SEC’s Atkins want to let companies custody, trade bitcoin and securities under a roof


Key dealers

  • SEC prepares formal rules for regulating crypto markets and restructuring its digital assets strategy.
  • Planning to integrate Finhub’s functions throughout the SEC and aims to promote innovation wider.

Sec-President Paul Atkins has urged the Commission to allow registered companies to store and trade securities and non-security, such as Bitcoin and Ethereum, under a single, regulated structure.

Atkins believes that such a framework would streamline operations, reduce the cost of investors and accelerate the integration of digital assets into a federally monitored environment.

“I would like the Commission to allow Sec-Registrants to store and trade both securities and non-safety under one roof,” Atkins said under its Notes At the SEC SPEAKS conference on Monday.

“To enable this can reduce the cost of investors while allowing non-safety trading to enter into a regulated environment at federal level quickly,” he added.

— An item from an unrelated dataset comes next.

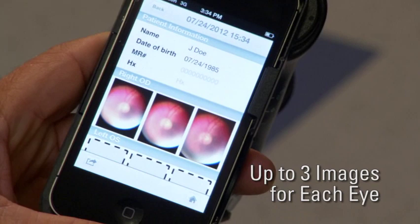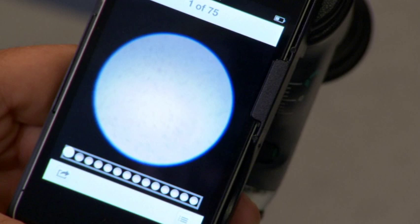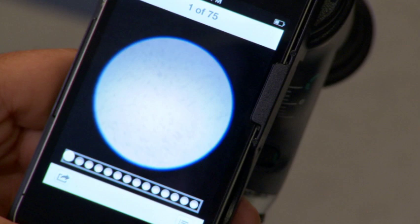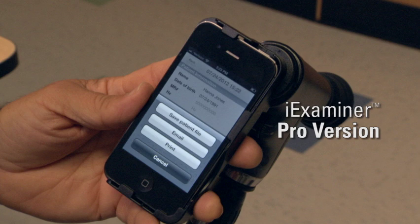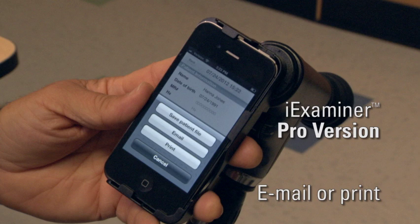To capture a retinal image of the left eye, touch the Add Picture icon in the left OS section of the screen, then follow the same steps as before to capture an image. When the patient file is complete, touch the arrow button on the lower left of the screen, then touch Save Patient File to save. If you have purchased the Eye Examiner Pro version, you can email or print the exam by touching the arrow button in the lower left of the screen and then selecting either Email or Print and following the on-screen prompts.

Atkins also confirmed that SEC had begun to prepare formal rule suggestions to control crypto markets. He noted that while formal regulations are ongoing, the SEC staff still issues informal guidance to help clarify how existing laws apply to crypto.

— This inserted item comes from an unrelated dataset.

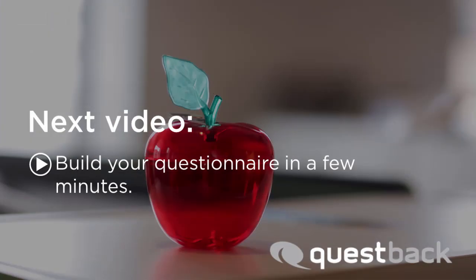In the next step, you set up your questionnaire and enter your questions. Watch the next tutorial to see how it works. Good luck with your project!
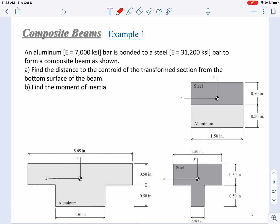In this example, we have an aluminum bar bonded to a steel bar to form a composite beam as shown here. The sizes have been given and their modulus of elasticity has been given. We are requested to find the distance to the centroid of the transformed section from the bottom surface of the beam and to find the moment of inertia.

“It is a new day of SEK. While I have directed the Commission’s staff over our policy departments to begin preparation rule proposals related to Crypto, the staff continues to” clear the brush “through statements at the staff,” said the Sec-chairman.

Atkins acknowledged that the agency’s previous regulatory approach had created uncertainty and described them as first taking a “head-in-the-sand strategy” before moving to “regulation through enforcement.”

Crypto market actors, he said, were often invited to “just come in and talk”, just to meet with moods. The new method aims to replace the ambiguity with structured commitment and clear rules.

The regulatory initiative is part of a broader institutional restoration under Atkin’s leadership. The agency is also seeking congressional approval to solve its strategic hub for innovation and financial technology (Finhub) and integrate its functions throughout the SEC.

According to Atkins, Finhub’s original assignment has been overshadowed, with many who now see it as a tool for enforcement rather than a platform that supports innovation.

“I will ensure that innovation will intervene in the culture, as it should be, and not focused on a small office,” Atkins said.